One-Loop Renormalization of Lee-Wick Gauge Theory

TL;DR

This paper analyzes the one-loop renormalization of Lee-Wick gauge theory, revealing how the vector boson mass and coupling constants evolve, and compares its behavior to ordinary gauge theories, with implications for unification.

Contribution

It provides the first detailed one-loop renormalization analysis of Lee-Wick gauge theory, including the relationship between mass running and coupling evolution, and extends results to theories with dimension six operators.

Findings

The vector boson mass logarithmically runs with the coupling.

In asymptotically free cases, the vector boson mass diverges in the UV.
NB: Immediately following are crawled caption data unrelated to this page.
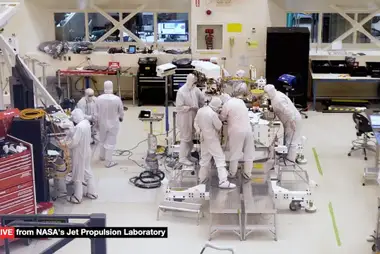Das Jet Propulsion Laboratory der NASA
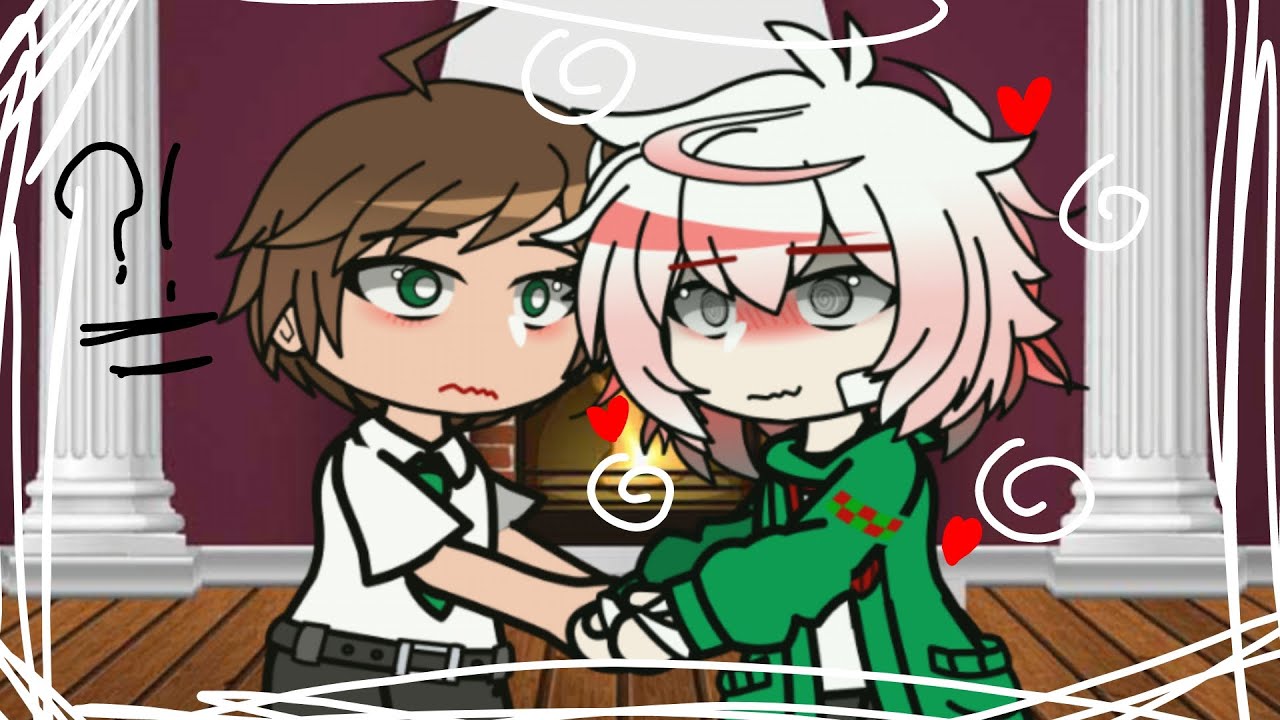 💝 | komaeda confesses to hajime.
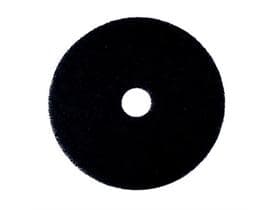 Superpad 3M Scotch-Brite, ø17'' = 432 mm schwarz, aus hochwertigen Nylonfasern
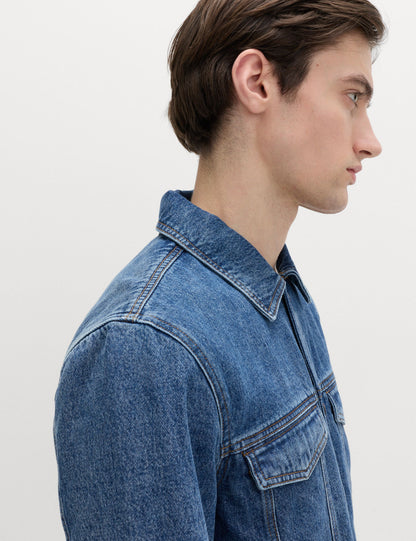 Denim Trucker Ceket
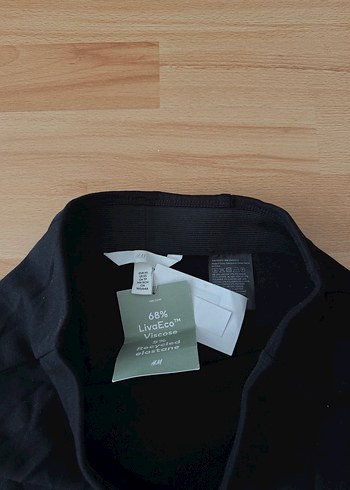 xs Beden Siyah Kadın H&M Mini Etek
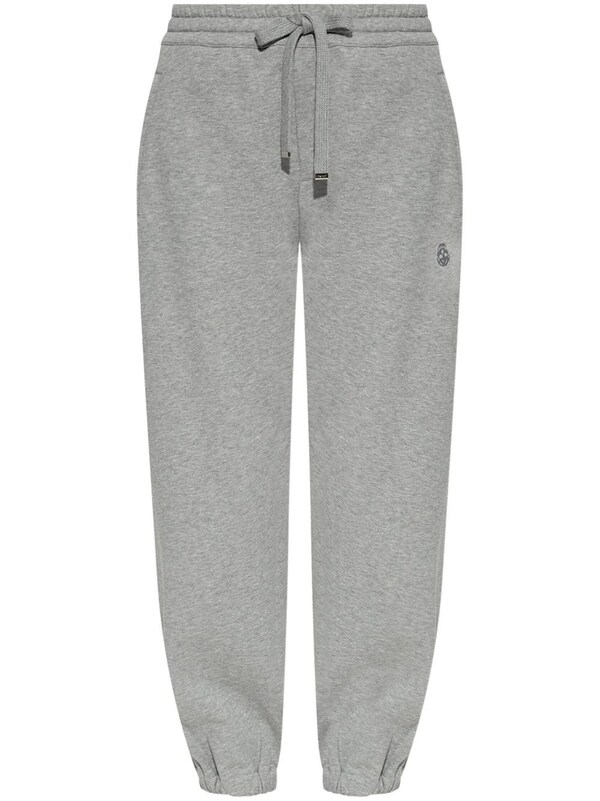  Alexander Mcqueen Alexander Mcqueen Logo Cotton Sweatpants 
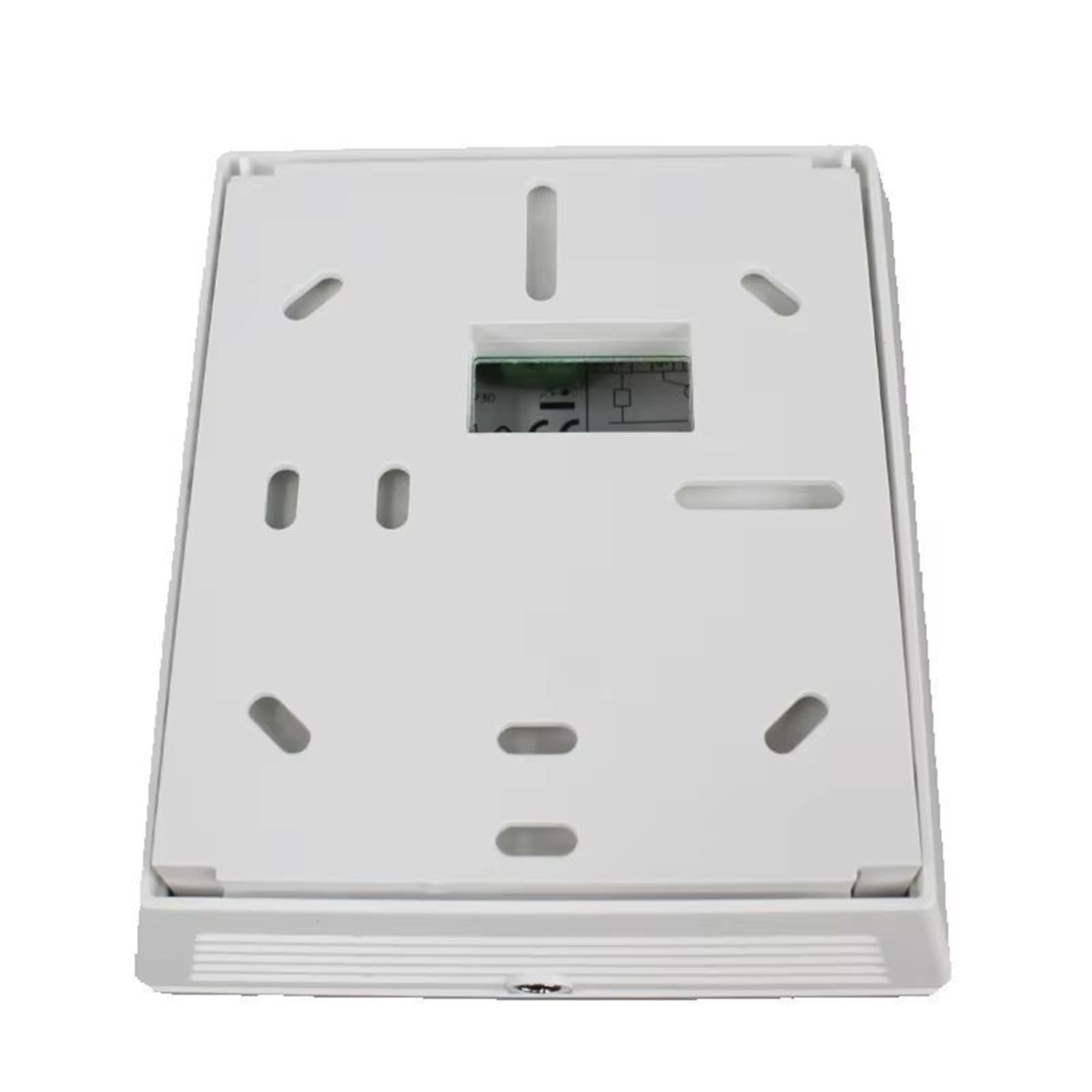 Elektromechaniczny termostat pokojowy do 2-rurowych konwektorów dmuchawy, przełącznik wyboru ogrzewania i chłodzenia RAB11.1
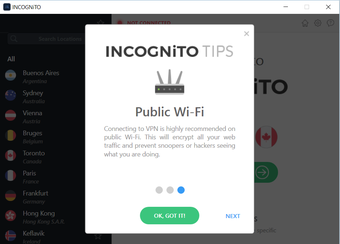 Image 0 for Incognito VPN
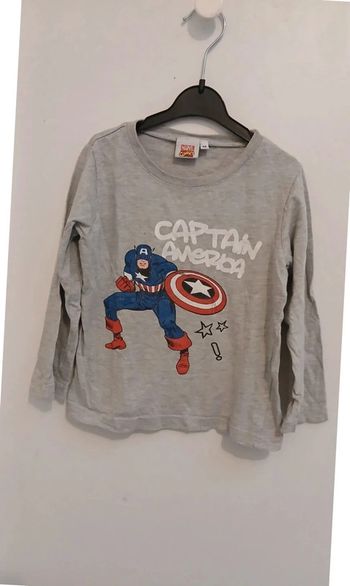 Haut ML Marvel Comics 3 ans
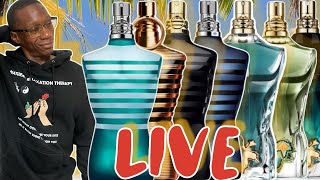 Live First Impressions: 7 Jean Paul Gaultier Fragrances with 3 Le Beau Line! 🌴🔥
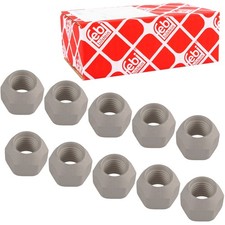 10x FEBI RADMUTTER KEGELBUND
Lee-Wick gauge theory exhibits faster coupling running than ordinary gauge theory.

Abstract

We examine the renormalization of Lee-Wick gauge theory to one loop order. We show that only knowledge of the wavefunction renormalization is necessary to determine the running couplings, anomalous dimensions, and vector boson masses. In particular, the logarithmic running of the Lee-Wick vector boson mass is exactly related to the running of the coupling. In the case of an asymptotically free theory, the vector boson mass runs to infinity in the ultraviolet. Thus, the UV fixed point of the pure gauge theory is an ordinary quantum field theory. We find that the coupling runs more quickly in Lee-Wick gauge theory than in ordinary gauge theory, so the Lee-Wick standard model does not naturally unify at any scale. Finally, we present results on the beta function of more general theories containing dimension six operators which differ from previous results in the literature.